# [Data provided]
################

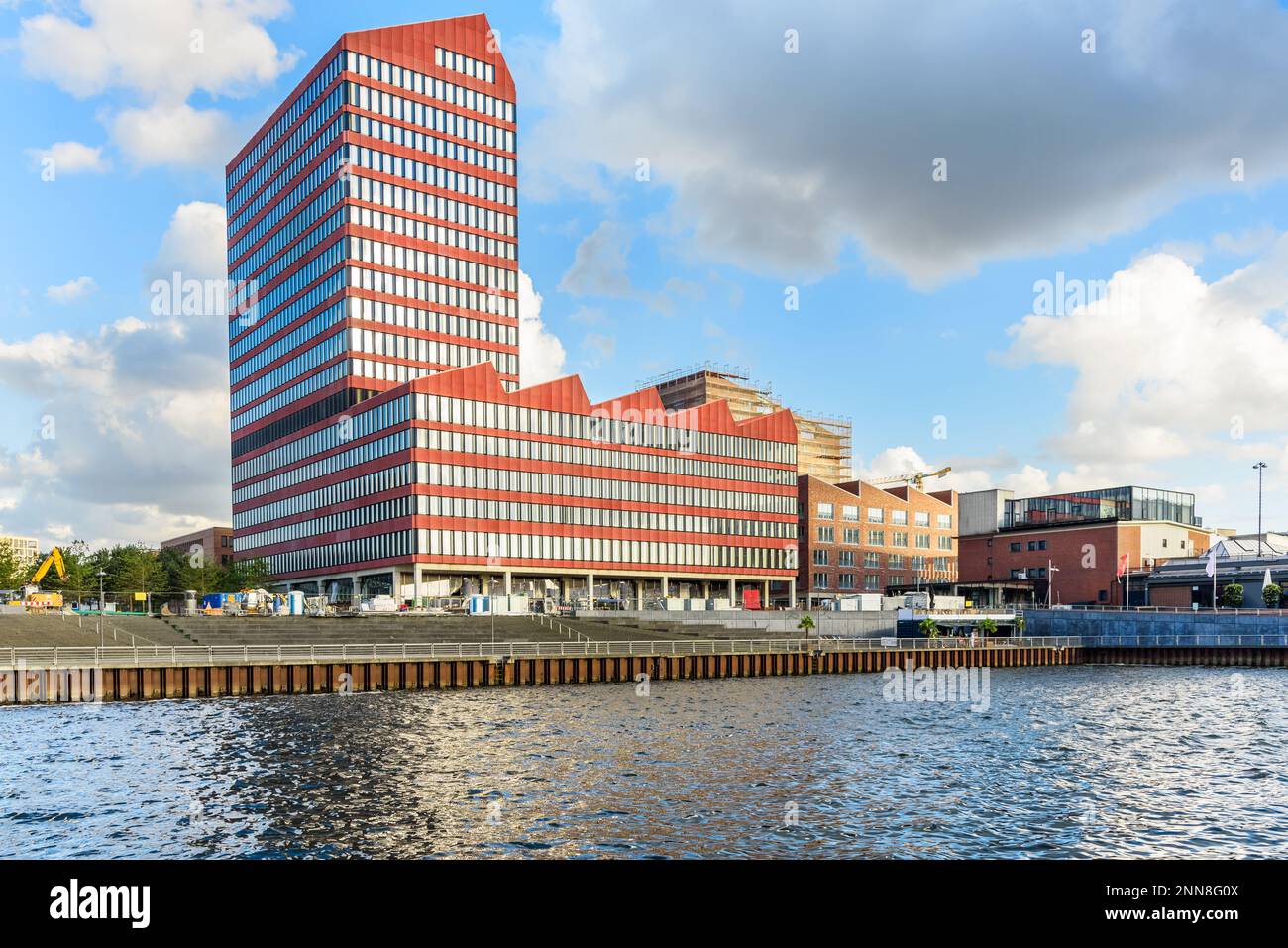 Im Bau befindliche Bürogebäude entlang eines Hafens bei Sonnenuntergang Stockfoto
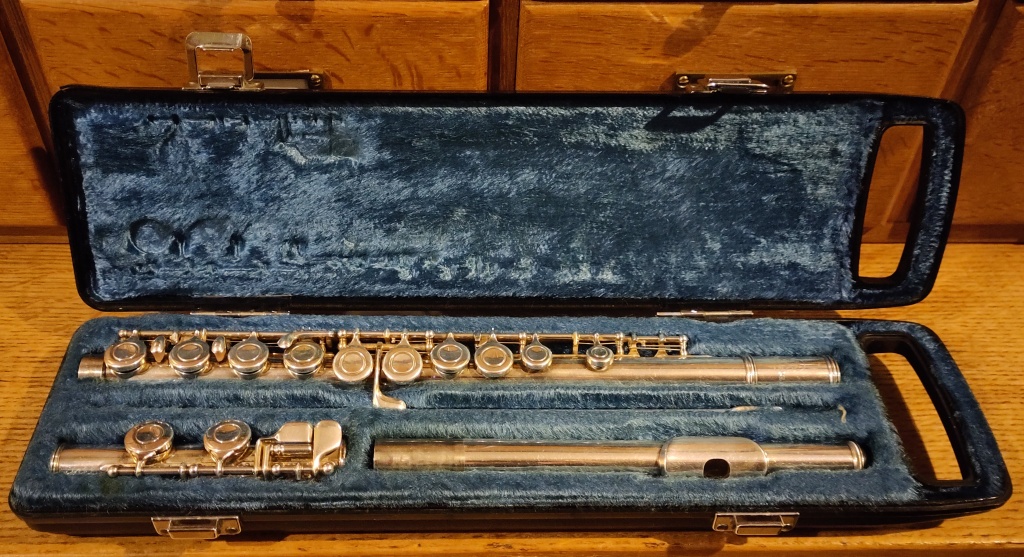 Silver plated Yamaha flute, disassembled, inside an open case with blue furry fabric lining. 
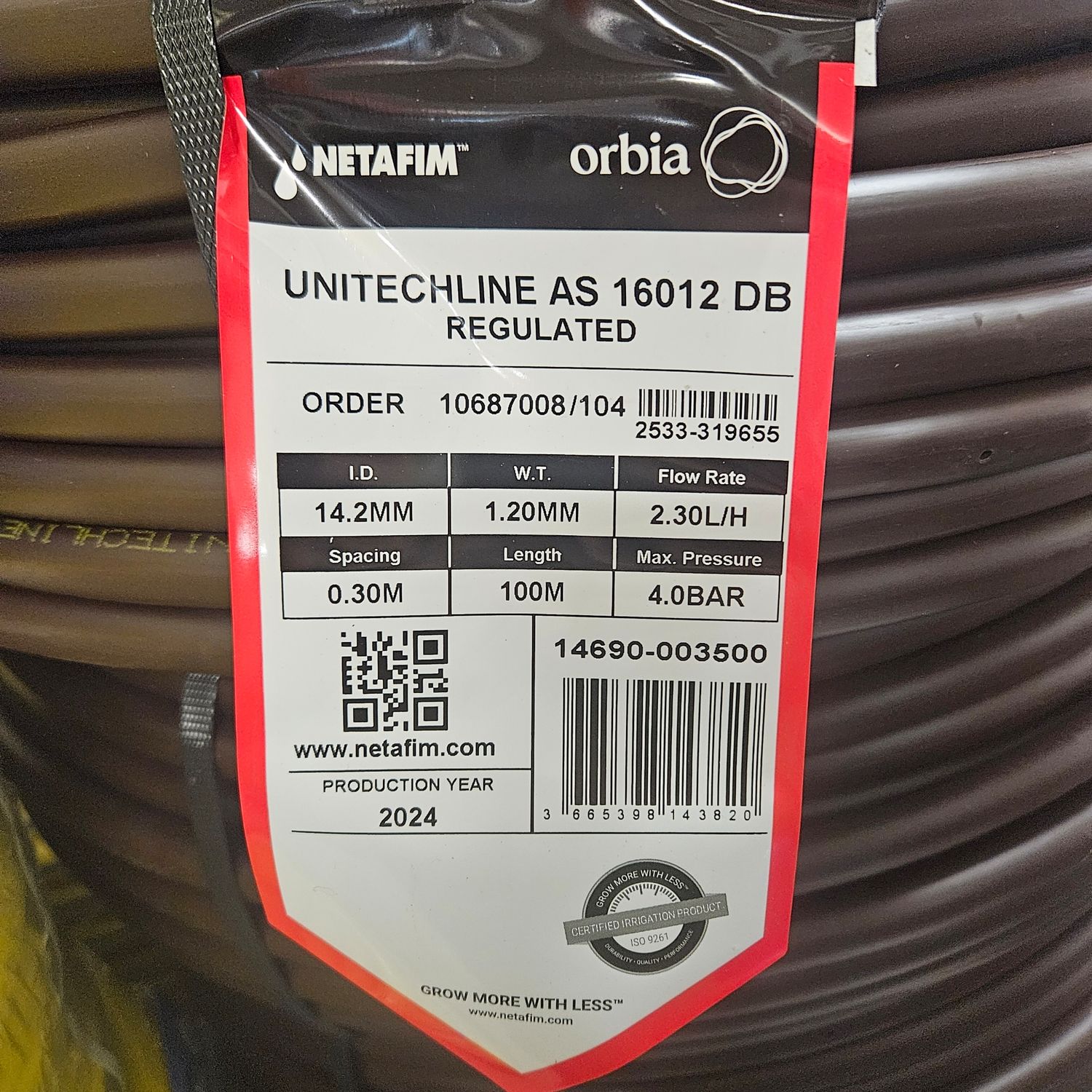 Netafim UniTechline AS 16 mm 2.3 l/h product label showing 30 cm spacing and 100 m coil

################

# [Aim of the task]
Drop the pictures, then transcribe the lines from the one containing "Silver plated Yamaha" to the end of the data above, exactly and nothing more.

# [Solution below]
 Silver plated Yamaha flute, disassembled, inside an open case with blue furry fabric lining. 
 Netafim UniTechline AS 16 mm 2.3 l/h product label showing 30 cm spacing and 100 m coil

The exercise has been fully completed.